There seems to be a lot of threads here... but the IMMEDIATE solution is to simply "drop" the smartstors - and get APM back in business. Simply stop the collectors, rename the ~/data directory, and restart - and the historical metrics are eliminated.
Next, let's address some apparent confusion amongst "historical" and "live" metrics.
"Live" metrics are those that are being generated by the agent and reporting every 7.5 seconds to the Collector. This is later aggregated to give the 15 sec reporting interval. Check out the APM Performance and Capacity Management Guide... on the BookShelf.
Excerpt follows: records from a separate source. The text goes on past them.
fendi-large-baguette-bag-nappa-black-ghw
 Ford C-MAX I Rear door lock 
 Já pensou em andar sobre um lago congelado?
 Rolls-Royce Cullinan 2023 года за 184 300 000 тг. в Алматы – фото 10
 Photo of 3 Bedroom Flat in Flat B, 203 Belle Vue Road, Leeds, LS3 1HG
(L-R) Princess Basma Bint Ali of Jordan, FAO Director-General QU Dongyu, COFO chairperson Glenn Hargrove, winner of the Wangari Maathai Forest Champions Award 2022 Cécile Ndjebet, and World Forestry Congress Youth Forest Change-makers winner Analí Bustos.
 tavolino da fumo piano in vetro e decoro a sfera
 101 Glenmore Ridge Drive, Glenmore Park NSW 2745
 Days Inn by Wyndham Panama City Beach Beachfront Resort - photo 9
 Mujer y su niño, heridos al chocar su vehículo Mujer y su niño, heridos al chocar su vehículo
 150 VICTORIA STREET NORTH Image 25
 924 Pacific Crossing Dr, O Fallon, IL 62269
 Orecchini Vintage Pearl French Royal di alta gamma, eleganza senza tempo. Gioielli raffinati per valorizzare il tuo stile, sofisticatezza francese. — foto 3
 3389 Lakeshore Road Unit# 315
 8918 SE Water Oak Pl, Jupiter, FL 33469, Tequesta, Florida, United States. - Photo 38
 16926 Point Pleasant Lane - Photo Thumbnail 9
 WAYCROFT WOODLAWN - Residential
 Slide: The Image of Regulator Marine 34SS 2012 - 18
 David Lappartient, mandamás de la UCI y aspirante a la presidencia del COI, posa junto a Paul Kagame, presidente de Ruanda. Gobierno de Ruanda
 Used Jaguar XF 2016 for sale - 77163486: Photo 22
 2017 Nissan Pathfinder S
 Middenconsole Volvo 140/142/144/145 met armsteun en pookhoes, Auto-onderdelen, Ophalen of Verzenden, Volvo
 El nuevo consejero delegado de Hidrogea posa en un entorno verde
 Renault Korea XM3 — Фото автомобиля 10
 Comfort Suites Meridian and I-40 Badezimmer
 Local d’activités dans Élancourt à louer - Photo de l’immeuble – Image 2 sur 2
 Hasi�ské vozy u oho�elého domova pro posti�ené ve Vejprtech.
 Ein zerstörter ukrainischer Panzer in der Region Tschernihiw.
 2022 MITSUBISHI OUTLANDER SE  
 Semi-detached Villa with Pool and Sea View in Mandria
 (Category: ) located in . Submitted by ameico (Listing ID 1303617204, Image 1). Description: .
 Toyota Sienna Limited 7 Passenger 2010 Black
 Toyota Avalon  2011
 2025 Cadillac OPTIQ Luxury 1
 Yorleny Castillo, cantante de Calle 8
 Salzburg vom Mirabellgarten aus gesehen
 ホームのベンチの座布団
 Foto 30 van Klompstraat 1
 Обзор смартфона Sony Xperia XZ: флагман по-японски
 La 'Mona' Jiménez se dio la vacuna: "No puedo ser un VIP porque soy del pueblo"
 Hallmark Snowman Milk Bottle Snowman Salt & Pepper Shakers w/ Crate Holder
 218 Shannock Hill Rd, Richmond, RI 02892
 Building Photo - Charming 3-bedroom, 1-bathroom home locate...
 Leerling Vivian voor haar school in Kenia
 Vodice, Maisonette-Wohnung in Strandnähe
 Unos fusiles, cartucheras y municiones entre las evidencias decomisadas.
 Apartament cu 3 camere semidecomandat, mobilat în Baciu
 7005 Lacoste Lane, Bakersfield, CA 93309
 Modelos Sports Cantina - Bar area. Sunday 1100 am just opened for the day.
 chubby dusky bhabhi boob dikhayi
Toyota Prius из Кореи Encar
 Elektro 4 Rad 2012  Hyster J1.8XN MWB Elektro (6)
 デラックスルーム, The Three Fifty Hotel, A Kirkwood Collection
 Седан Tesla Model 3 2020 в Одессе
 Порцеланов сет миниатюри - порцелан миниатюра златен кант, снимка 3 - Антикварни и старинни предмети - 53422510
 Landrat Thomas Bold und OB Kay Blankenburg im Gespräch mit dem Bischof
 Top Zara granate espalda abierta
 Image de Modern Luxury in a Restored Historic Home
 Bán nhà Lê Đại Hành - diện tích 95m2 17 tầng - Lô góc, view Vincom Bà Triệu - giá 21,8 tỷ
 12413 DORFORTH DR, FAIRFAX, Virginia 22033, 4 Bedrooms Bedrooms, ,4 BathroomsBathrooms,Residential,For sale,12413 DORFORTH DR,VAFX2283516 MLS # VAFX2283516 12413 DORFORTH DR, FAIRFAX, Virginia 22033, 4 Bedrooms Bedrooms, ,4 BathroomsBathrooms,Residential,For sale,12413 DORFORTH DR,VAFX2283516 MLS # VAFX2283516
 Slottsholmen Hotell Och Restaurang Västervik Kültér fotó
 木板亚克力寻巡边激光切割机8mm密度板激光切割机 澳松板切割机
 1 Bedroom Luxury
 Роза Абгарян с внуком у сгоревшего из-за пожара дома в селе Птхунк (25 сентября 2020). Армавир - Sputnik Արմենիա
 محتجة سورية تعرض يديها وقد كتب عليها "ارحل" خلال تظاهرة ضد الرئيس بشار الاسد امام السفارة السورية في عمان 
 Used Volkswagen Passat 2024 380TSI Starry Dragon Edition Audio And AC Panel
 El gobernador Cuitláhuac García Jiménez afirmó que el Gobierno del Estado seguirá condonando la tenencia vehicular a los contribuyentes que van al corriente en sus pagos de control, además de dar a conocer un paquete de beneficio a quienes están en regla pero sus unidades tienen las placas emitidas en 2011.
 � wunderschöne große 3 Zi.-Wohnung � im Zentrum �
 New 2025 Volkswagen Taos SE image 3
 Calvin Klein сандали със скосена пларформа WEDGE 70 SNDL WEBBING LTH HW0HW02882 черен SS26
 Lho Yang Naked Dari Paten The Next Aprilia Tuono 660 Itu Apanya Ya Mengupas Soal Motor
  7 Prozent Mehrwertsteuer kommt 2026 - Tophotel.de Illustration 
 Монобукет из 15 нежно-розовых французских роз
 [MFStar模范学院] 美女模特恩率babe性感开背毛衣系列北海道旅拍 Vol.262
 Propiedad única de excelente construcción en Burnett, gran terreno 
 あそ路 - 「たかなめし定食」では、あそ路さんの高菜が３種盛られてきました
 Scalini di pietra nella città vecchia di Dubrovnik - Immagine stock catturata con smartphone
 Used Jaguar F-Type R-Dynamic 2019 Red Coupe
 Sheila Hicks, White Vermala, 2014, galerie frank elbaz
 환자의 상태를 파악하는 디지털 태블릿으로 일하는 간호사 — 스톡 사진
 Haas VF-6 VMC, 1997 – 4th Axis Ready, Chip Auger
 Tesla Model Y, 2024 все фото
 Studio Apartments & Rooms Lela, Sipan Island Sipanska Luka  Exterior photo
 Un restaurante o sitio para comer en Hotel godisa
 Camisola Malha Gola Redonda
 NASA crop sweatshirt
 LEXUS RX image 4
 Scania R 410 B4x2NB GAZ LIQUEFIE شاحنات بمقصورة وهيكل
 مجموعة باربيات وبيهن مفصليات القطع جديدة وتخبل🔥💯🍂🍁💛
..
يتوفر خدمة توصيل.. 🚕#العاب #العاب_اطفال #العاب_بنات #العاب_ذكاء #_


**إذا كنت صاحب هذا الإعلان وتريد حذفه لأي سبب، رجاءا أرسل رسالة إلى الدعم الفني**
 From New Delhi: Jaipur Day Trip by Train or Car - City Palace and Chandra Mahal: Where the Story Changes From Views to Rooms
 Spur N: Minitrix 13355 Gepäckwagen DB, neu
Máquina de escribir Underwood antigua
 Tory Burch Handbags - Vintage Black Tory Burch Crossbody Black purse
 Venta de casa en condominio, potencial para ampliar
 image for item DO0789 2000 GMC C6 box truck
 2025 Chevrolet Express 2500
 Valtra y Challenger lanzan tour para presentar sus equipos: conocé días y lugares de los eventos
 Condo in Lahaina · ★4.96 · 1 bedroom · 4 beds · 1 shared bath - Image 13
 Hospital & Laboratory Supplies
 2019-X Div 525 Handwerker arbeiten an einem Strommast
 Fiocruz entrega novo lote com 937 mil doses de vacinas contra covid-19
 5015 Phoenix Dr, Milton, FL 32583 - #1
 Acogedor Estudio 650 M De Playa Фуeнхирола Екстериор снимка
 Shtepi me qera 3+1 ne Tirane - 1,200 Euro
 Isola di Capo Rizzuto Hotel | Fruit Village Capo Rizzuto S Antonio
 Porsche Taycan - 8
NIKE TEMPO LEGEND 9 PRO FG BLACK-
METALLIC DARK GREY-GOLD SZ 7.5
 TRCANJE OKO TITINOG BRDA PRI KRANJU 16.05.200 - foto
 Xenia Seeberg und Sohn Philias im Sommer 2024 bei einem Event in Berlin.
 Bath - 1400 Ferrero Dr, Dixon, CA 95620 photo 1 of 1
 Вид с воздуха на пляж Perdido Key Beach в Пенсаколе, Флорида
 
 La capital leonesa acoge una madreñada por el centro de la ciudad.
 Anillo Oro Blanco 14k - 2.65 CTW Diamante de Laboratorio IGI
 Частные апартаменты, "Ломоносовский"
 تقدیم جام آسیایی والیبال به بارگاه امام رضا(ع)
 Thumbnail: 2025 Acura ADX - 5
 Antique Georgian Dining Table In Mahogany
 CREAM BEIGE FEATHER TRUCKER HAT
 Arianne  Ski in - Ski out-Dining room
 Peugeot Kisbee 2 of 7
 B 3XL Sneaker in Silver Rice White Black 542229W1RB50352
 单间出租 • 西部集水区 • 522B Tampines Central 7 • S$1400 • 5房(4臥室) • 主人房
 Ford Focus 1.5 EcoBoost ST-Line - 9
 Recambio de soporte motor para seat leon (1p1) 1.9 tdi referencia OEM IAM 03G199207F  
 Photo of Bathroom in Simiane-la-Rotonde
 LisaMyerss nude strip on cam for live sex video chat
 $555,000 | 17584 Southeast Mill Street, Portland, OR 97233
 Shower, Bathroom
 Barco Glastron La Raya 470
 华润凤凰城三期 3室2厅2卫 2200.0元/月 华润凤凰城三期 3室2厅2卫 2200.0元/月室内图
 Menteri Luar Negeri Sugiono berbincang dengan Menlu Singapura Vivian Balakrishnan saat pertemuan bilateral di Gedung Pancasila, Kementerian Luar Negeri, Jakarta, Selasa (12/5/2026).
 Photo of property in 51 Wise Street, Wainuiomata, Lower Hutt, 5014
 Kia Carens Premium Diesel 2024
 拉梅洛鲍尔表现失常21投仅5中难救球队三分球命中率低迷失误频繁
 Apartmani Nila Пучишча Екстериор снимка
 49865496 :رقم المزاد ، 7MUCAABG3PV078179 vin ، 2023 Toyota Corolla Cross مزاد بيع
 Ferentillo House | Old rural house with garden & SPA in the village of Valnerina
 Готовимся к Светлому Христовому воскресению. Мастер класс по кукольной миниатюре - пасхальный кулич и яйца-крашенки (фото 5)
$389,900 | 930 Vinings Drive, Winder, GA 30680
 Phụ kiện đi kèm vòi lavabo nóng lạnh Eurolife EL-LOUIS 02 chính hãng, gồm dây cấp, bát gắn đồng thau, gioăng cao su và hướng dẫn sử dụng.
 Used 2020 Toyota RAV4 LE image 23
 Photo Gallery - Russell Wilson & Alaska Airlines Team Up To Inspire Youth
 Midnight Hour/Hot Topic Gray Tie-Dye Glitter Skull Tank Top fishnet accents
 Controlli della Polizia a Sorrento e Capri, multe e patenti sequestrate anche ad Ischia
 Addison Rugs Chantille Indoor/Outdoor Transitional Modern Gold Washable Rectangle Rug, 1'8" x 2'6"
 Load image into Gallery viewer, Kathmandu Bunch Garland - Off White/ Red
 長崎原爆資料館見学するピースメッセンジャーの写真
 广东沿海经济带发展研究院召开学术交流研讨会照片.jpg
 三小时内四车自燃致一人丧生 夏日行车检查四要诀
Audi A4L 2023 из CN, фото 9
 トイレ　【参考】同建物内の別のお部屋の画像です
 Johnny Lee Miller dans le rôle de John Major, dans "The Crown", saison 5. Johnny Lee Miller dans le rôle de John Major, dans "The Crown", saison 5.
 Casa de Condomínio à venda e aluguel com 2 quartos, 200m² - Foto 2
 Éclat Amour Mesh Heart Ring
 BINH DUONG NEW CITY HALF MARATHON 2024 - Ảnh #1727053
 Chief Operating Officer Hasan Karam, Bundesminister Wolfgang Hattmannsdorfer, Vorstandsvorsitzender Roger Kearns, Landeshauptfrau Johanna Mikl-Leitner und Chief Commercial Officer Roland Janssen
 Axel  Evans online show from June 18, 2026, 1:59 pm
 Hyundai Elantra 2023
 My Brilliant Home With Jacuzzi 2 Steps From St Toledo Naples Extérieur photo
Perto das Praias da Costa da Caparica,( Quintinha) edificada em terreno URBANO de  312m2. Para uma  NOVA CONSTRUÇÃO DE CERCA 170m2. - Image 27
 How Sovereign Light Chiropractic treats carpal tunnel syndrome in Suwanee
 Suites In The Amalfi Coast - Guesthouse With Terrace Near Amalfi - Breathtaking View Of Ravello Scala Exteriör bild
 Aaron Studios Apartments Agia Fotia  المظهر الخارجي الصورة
Historical metrics are ANY metric that has been "aged out" of the current display. This happens after 60 minutes, when a metric goes from "live" to "historical". This is simply metadata about the agent, that is preserved, so that IF and WHEN an agent reconnects with that metric, that the Collector 'knows' that metric and reuses the metadata. This scheme works great... until it doesn't... and then excess METADATA (historical metrics count) accumulates until the working memory of the Collector is compromised... and bad things happen.
The SmartSotr also stores metric data (no strings) for up to one year. This is, technically, a "historical" data... but this IS NOT the same thing as the historical-metric-meta-data we are talking about.
So why don't just add... like - unlimited RAM??? Simple. The metadata is a DATA STRUCTURE which is navigated whenever a metric arrives (in the simplest sense). The bigger the data structure, the longer the the time spent 'walking' that data structure in order to find the metadata. Of course, there is a cache - which is what the 60 minute interval is for - so that 'active' metrics are found quickly.... but the problem is the growing size of the "historical metrics" - those which have been inactive for at lest 60 minutes.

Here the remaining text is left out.